Dans l’Avant-Propos du Fantôme de l’Opéra, le narrateur, alias Gaston Leroux, raconte comment il a acquis "la certitude que le fantôme de l’Opéra a réellement existé". "Ce ne fut point", observe-t-il, "comme on l’a cru longtemps, une inspiration d’artistes, une superstition de directeurs, la création falote des cervelles excitées de ces demoiselles du corps de ballet, de leurs mères, des ouvreuses, des employés du vestiaire et de la concierge. Oui, il a existé, en chair et en os, bien qu’il se donnât toutes les apparences d’un vrai fantôme, c’est-à-dire d’une ombre". Le narrateur entreprend de le démontrer. Il doit à un événement historique la "trouvaille merveilleuse" qui lui permettra d’en administrer la preuve.
L’événement historique concomittant à la "trouvaille merveilleuse" de la preuve du fantôme, c’est, le 24 décembre 1907, l’enfouissement dans le sous-sol de l’Opéra de plusieurs urnes renfermant un gramophone et divers enregistrements phonographiques des grandes voix du temps, Caruso, Melba, Patti, etc.
"On se rappelle que dernièrement, en creusant le sous-sol de l’Opéra, pour y enterrer les voix phonographiées des artistes, le pic des ouvriers…" 1
Retrouvées en 1989-1990, ces urnes sont confiées à la BnF, puis, conformément au souhait formulé par Aristide Briand en 1907, ouvertes en 2007, soit au terme d’un délai de cent ans.
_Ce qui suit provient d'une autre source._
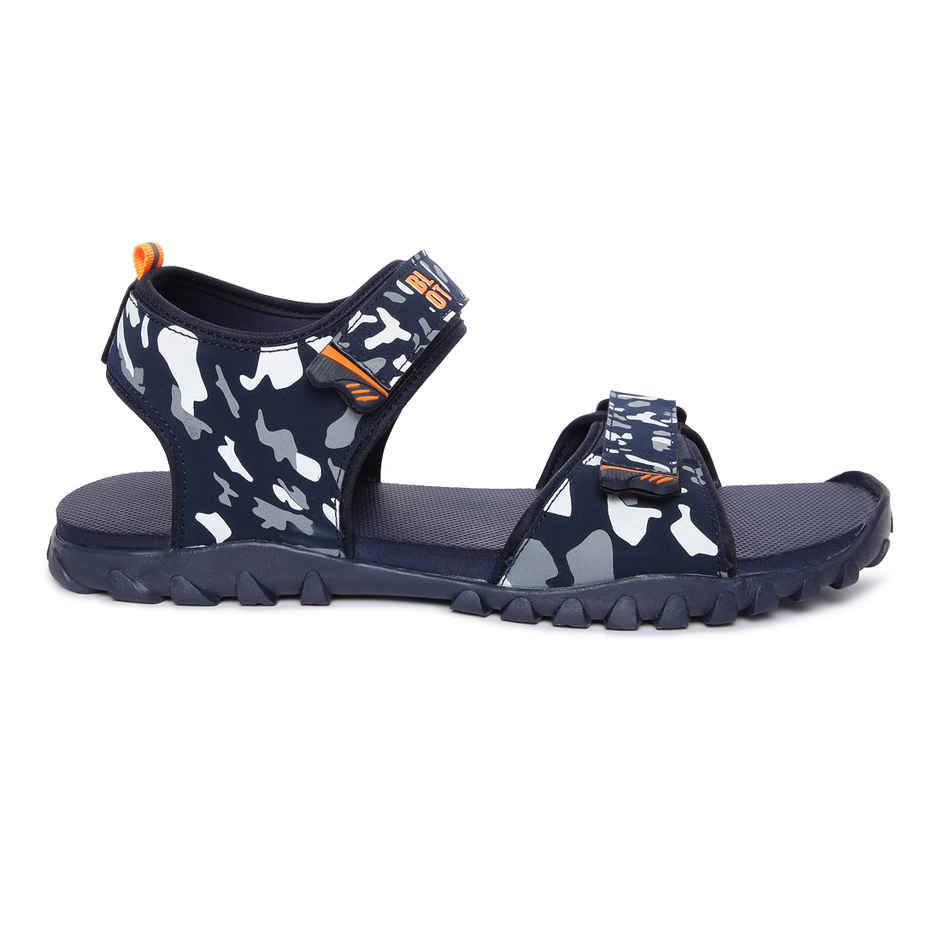 Paragon Blot Men's Blue & Orange Sandals - 8
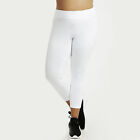 Capri Leggings Yoga Pants Premium Cotton Spandex Soft Breathable Stretchy S-3x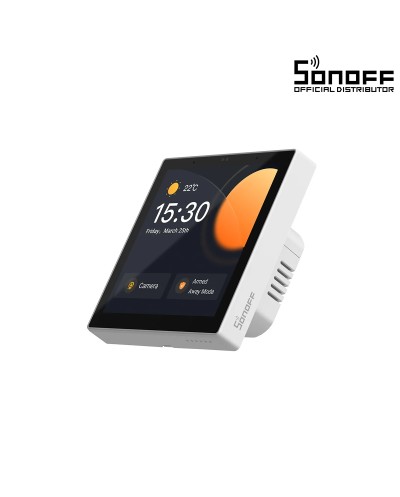 GloboStar® 80095 SONOFF NSPanel86PW Wi-Fi & Zigbee 3.0 Smart Scene Wall Switch (86/EU Type) - AC 100-240V - Integrated HMI Touch Panel - Smart Controller & Gateway for All Smart Devises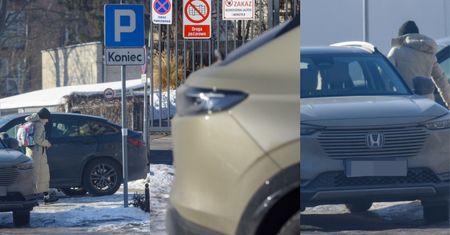 Obarczona plecakiem Joanna Koroniewska parkuje w niedozwolonym miejscu?! (ZDJĘCIA)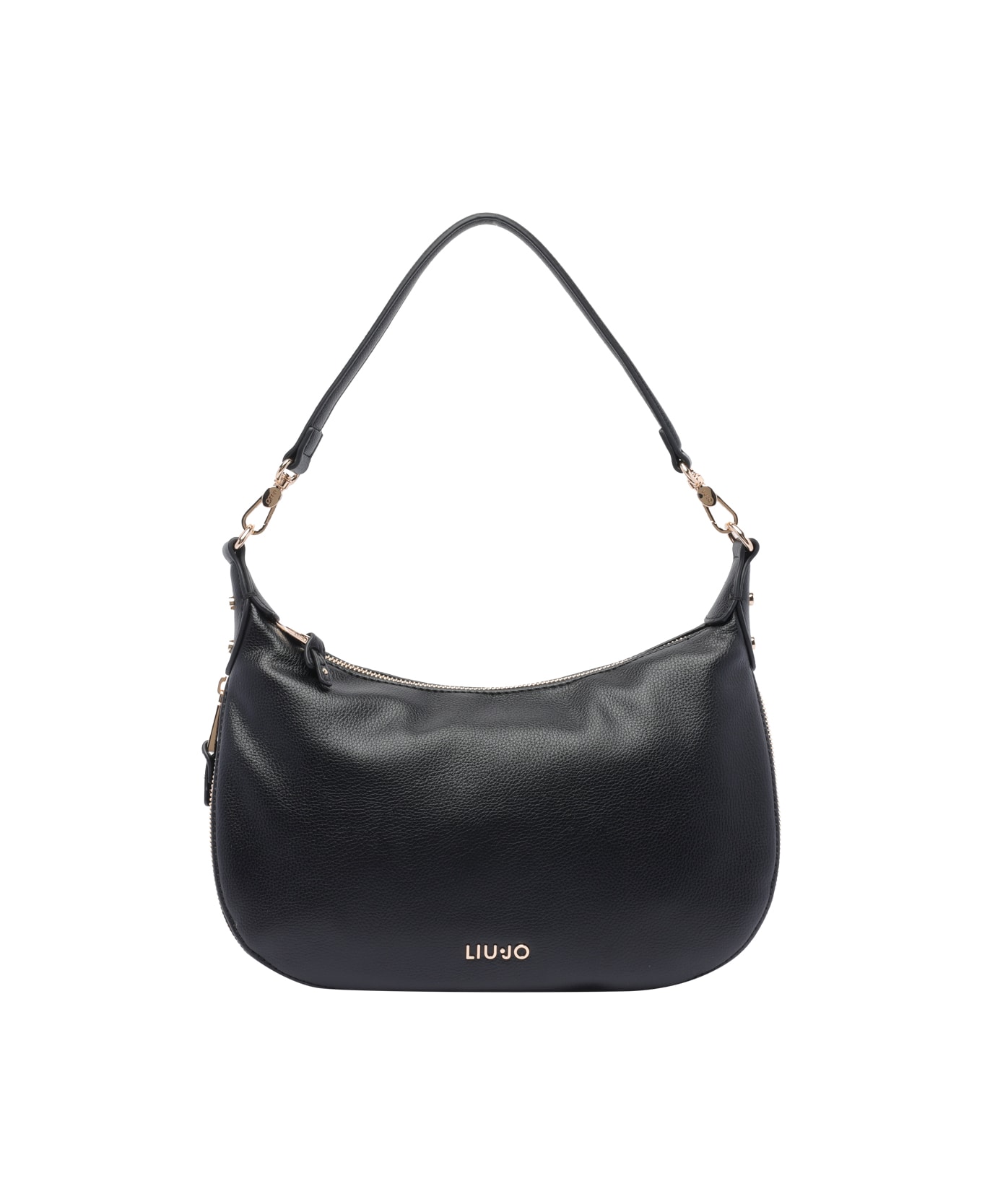 Liu-Jo Logo Shoulder Bag - Black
Après une longue phase de désamiantage des urnes, puis de nettoyage, restauration et numérisation des disques contenus dans les deux premières urnes qui ont été ouvertes, les enregistrements ainsi ressucités font l’objet d’une présentation à la BnF et sur le Web, dans le cadre de l’exposition intitulée Les voix ensevelies.
J’ai visité l’exposition sur le Web. Elle commence par une vidéo qui m’a enchantée : elle raconte, dans le style de Gaston Leroux, l’histoire des voix ensevelies, leur enfouissement, leur redécouverte. La thématique du fantôme est à la fête !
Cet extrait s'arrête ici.